A Snapshot of Asotin County
Asotin is second in a series covering Washington’s 39 counties, including how they got their names.
Nestled in the reaches of Washington’s far southeastern corner is Asotin County (pronounced uh-SOH-tin). It is colloquially referred to as Washington’s “cornerstone.” Asotin, a word derived from the Nez Perce Indian language (originally Has-Hu-Tin), translates into English as, “eel creek.” This title refers to the eels that are ubiquitous in the waterways in and around Asotin County, including the Snake River.
Before the arrival of the pioneers, Asotin County was home to a large Nez Perce winter encampment. The climate of Southeastern Washington was amenable for the Nez Perce, and they held large pow-wows on the banks of the Snake. There was always plentiful food available from both the rivers and hunting.

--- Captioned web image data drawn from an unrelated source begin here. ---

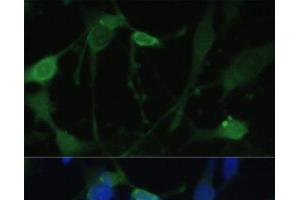 Immunofluorescence analysis of U-251 MG cells using FABP7 Polyclonal Antibody at dilution of 1:100. (FABP7 Antikörper)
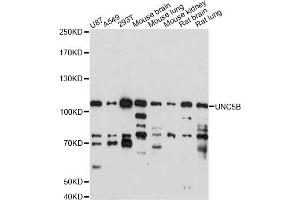 Western blot analysis of extracts of various cell lines, using UNC5B antibody (ABIN6291227) at 1:1000 dilution. (UNC5B 抗体)
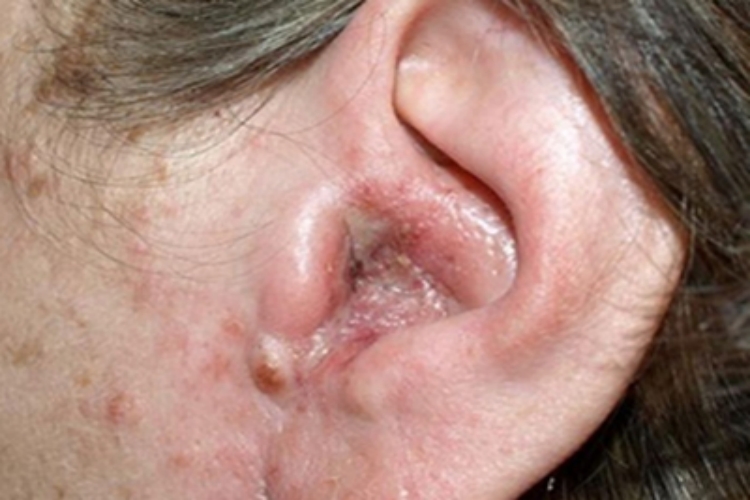 外耳湿疹耳朵里发红有黏液图 外耳湿疹耳朵里发红有黏液图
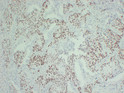 Immunohistochemistry - Paraffin (IHC-P): Human lung squamous cell carcinoma tissue was stained with Anti-p40 (ABT-P40) STJ196999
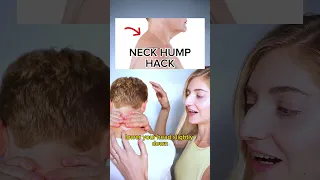 Neck hump hack | Face Fitness, Facial Fitness, Facial Yoga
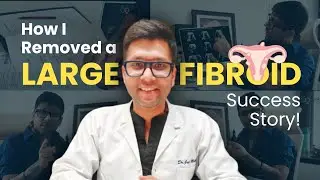 Fibroid की Surgery Delay करने के नुकसान: Risks & Solutions! | Case Study | Dr Jay Mehta, Mumbai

Asotin County is geographically small compared to some of Washington’s other counties, encompassing only 636 square miles. This designates it as 35th in size out of Washington’s 39 counties. As for population, Asotin has about 22,000 residents, which gives the county a rural feel. For some perspective, the population density of Asotin County is 34 people per square mile, compared the state average of 101 people per square mile.
Asotin County has two main cities within its borders, Asotin, which is the county seat, and Clarkston, its largest city.